Published: 2025, Last Modified: 15 Jan 2026IEEE Trans. Emerg. Top. Comput. Intell. 2025EveryoneRevisionsBibTeXCC BY-SA 4.0
Abstract: Deep learning has achieved remarkable performance in computer vision applications, and gradually becomes one of the mainstream technologies. Image scaling, as an indispensable data pre-processing procedure for most of the computer vision applications, is implemented to resize the unmatched data to fit the input sizes of deep learning models. However, such kind of data pre-processing is vulnerable to be exploited to launch an attack called image-scaling attack, which can generate attack images presenting entirely different appearances after scaling.
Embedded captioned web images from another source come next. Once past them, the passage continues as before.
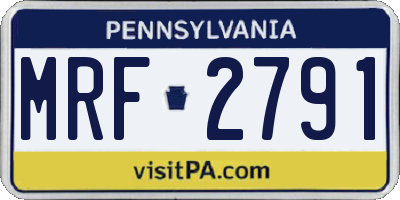 PA license plate MRF2791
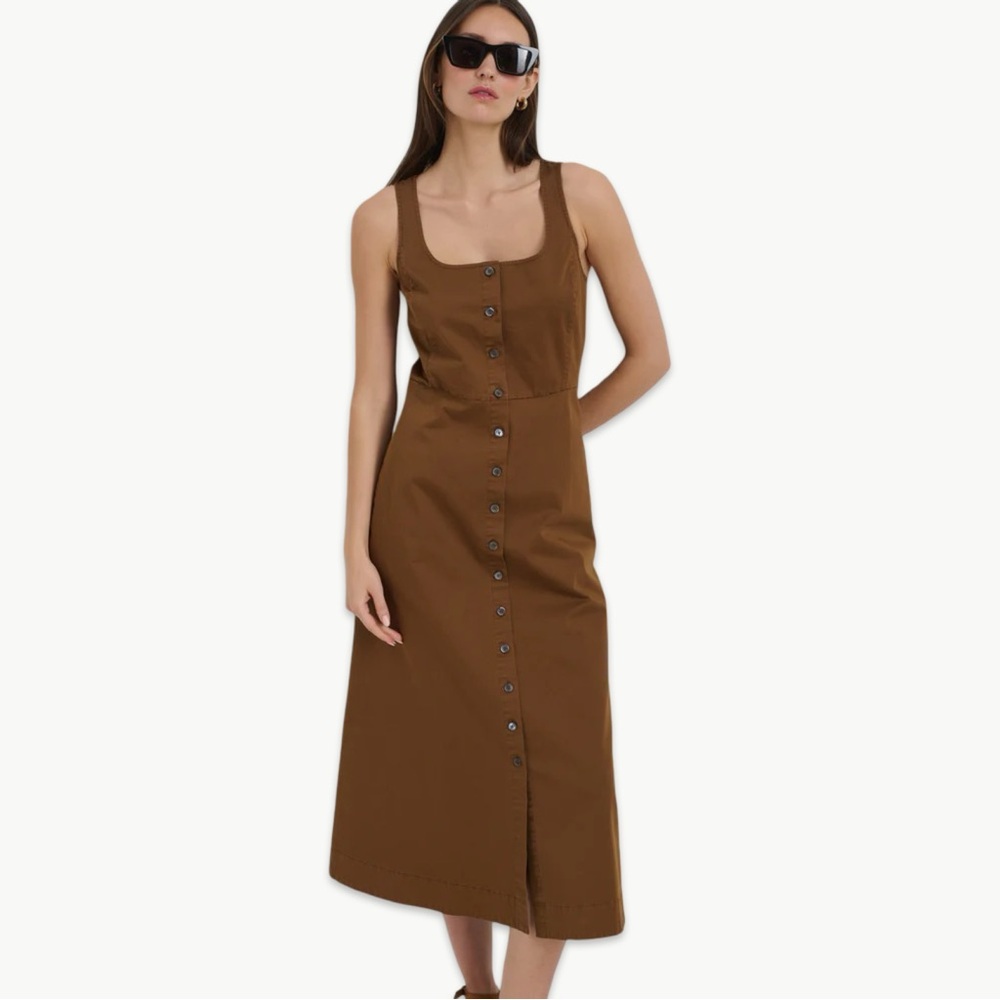 Alex Mill Piper Midi Dress Size Small Coffee Liqueur Brown Cotton Blend NWT
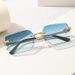 Sunglasses For Women Rimless Cut Edge Sunglasses Concave Metal Polygon For Men Trend Leopard_viptrois.com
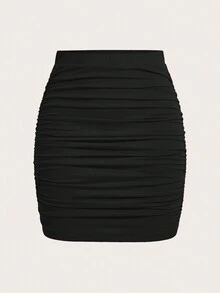 SHEIN BAE Falda Cuerpocon Con Pliegues Sólidos De Color Para Mujer - Negro - Ver 11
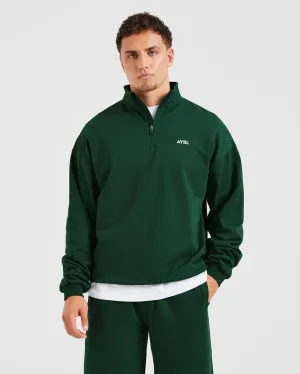 Rebound 1/4 Zip Pullover - Forest Green Tonal Logo Embroidery Sustainable production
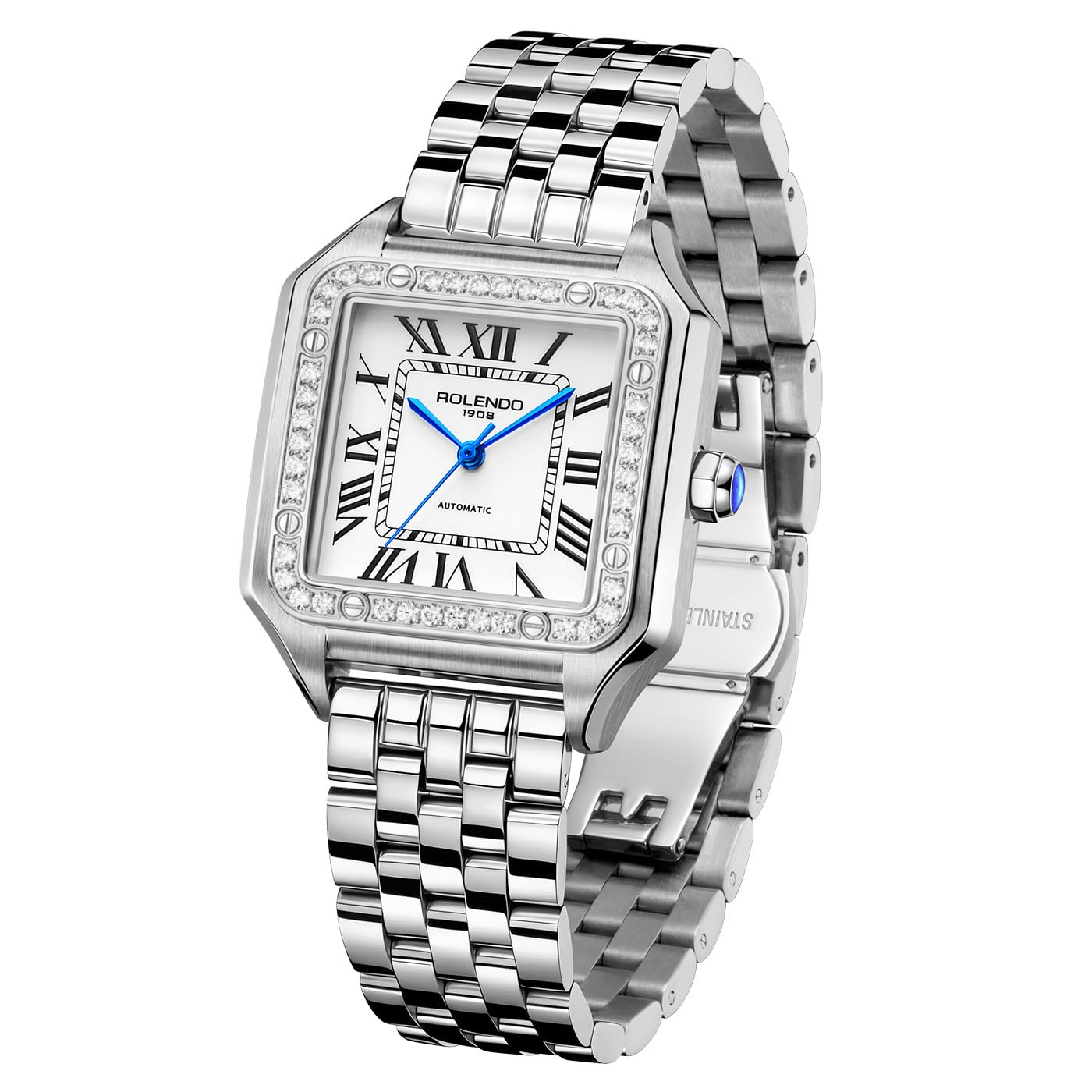 Uhr Damen Automatik, Watches for Women Rechteckiges mit Diamanten, Römisches Zifferblatt, Saphirkrone und 316L Edelstahlband - Armbanduhr Damen für Geschäfts und Lässige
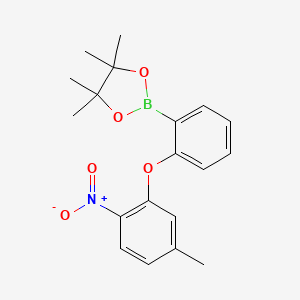 molecular formula C19H22BNO5 B7953059 4,4,5,5-Tetramethyl-2-[2-(5-methyl-2-nitrophenoxy)phenyl]-1,3,2-dioxaborolane 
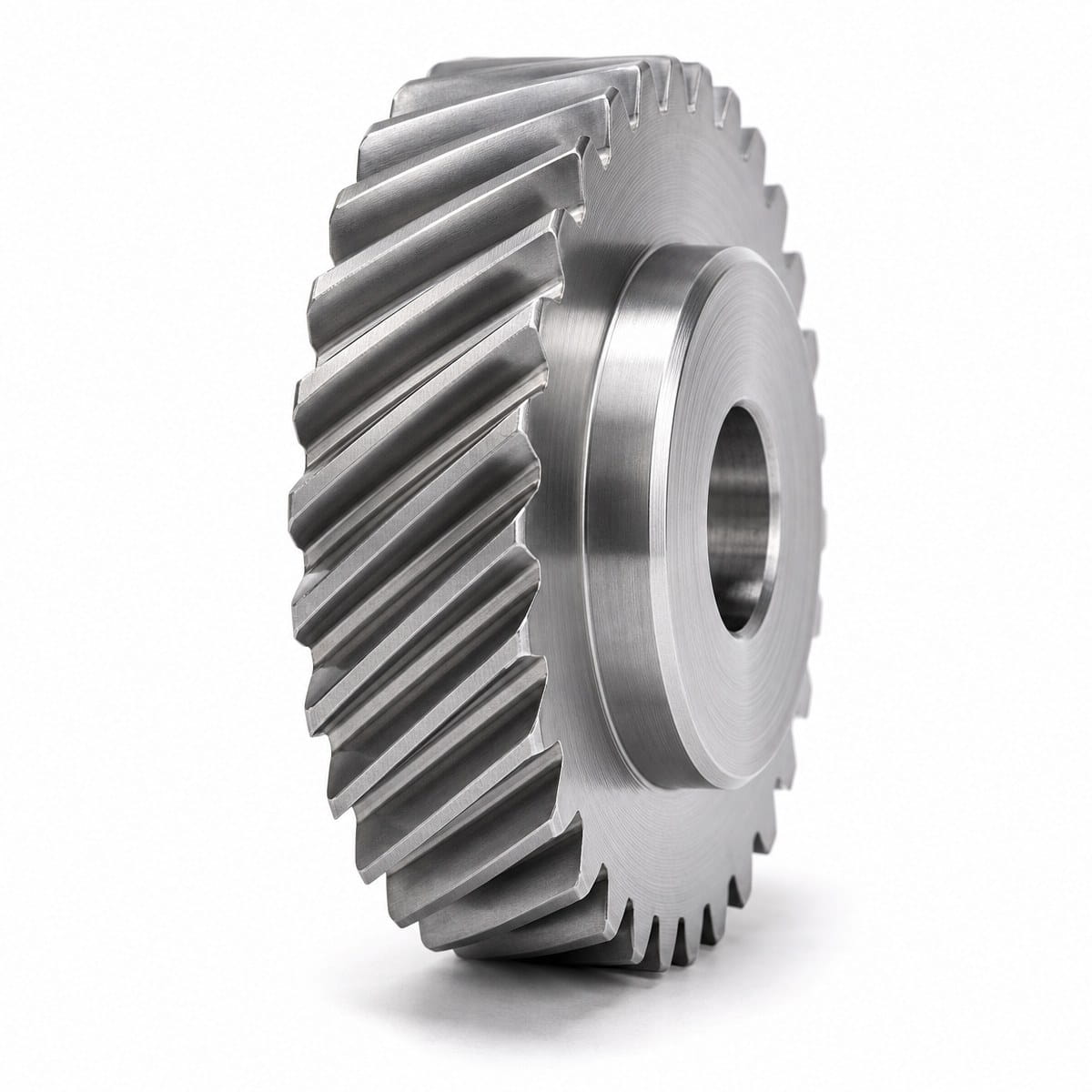 Left-Hand Helical Gear Left-hand steel helical gear with hub and bore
In this paper, we develop the attack model based on generative adversarial network (GAN) to fuse the source and target images, called Attack-GAN, which guarantees the generated attack images are imperceptible as well as being scaled to the target images. Experiments show that the superiority of Attack-GAN over the optimization method is that it can generate attack images with better camouflage and achieve higher attack success rates as well as accelerate the generation of attack images. Furthermore, we propose the Defense-GAN to learn and approximate the distribution of unperturbed images from attack images, which aims to eliminate and compensate the adversarial pixels. Based on different capabilities, customized defense strategies for different defenders are developed to resist the image-scaling attack. Experimental results manifest the proposed defense strategies are effective against the image-scaling attack, i.e., the generator of Defense-GAN can recover the attack images and retain the original ‘semantics’.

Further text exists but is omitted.